Real-World Connections

Industry Applications

Google TPU Optimization

  • Profile every kernel to maximize TPU utilization
  • Optimize for both FLOPs and memory bandwidth
  • Use profiling to guide hardware design decisions
  • Achieve 40-50% utilization (very high for accelerators)

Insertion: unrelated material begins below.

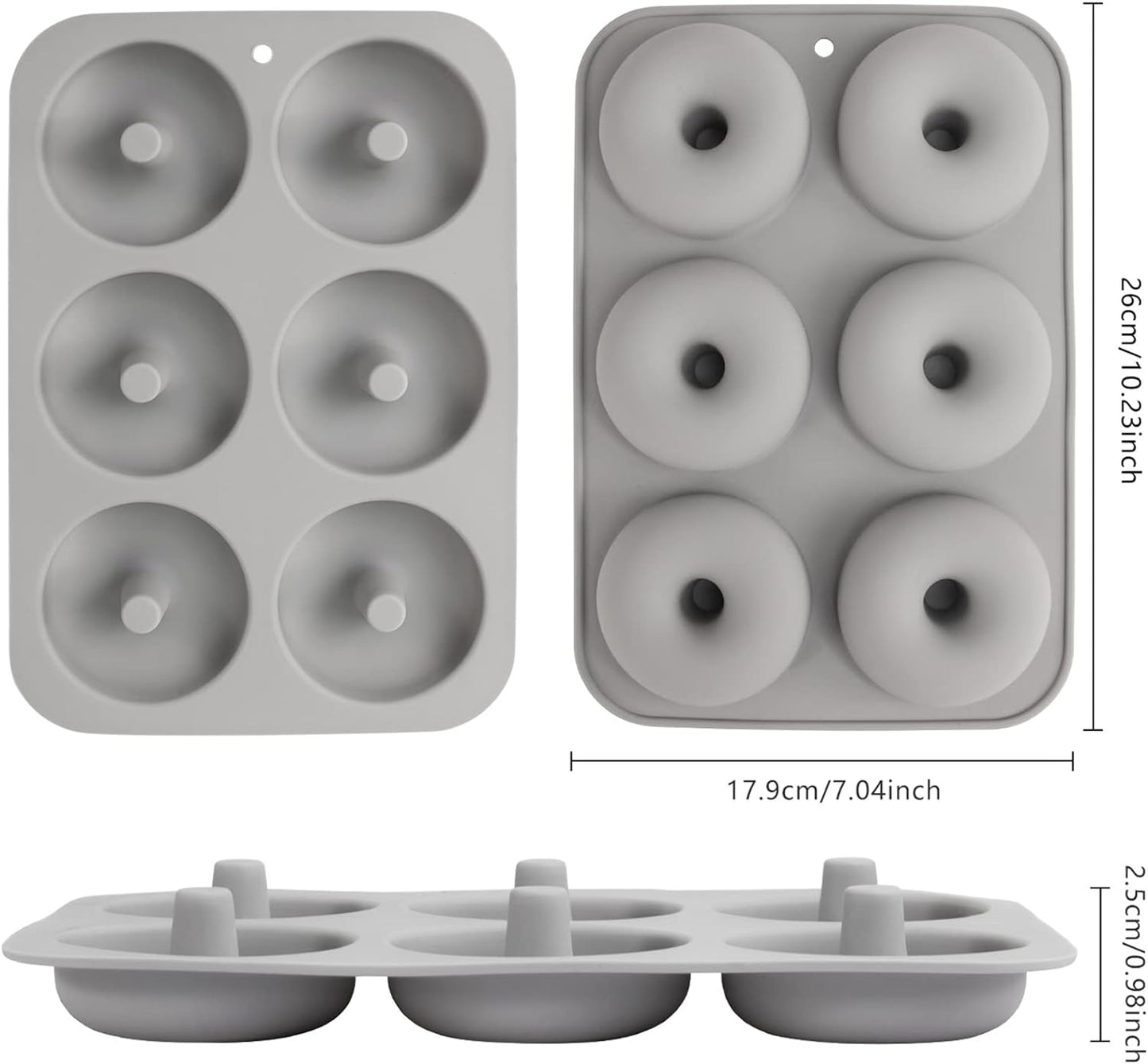 Aichoof Silicone Donut Mold for 6 Doughnuts, Set of 2. Food Grade LFGB Silicone Bagels Baking Pan, Non-Stick, Dishwasher Safe, Heat Resistant and Microwave Safe(Gray)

OpenAI Training Optimization

  • Profile GPT training to find $millions in savings
  • Identify gradient checkpointing opportunities
  • Optimize data loading pipelines
  • Achieve 50%+ MFU (model FLOPs utilization)

Meta Inference Serving

  • Profile PyTorch models for production deployment
  • Identify operator fusion opportunities
  • Optimize for latency (p50, p99) not just throughput
  • Serve billions of requests per day efficiently

Research Impact

This module implements patterns from:

  • TensorBoard Profiler (Google, 2019): Visual profiling for TensorFlow
  • PyTorch Profiler (Meta, 2020): Comprehensive profiling for PyTorch
  • NVIDIA Nsight (2021): GPU-specific profiling and optimization
  • MLPerf (2022): Standardized benchmarking and profiling

What's Next?

In Module 15: Quantization, you'll use your profiling data to compress models:

  • Reduce precision from FP32 to INT8 for 4× memory savings
  • Implement calibration strategies to minimize accuracy loss
  • Measure memory and speed improvements
  • Apply quantization based on profiling insights

Profiling shows you what to optimize—the next modules show you how to optimize it!


Ready to become a performance detective? Open modules/14_profiling/profiling_dev.py and start implementing.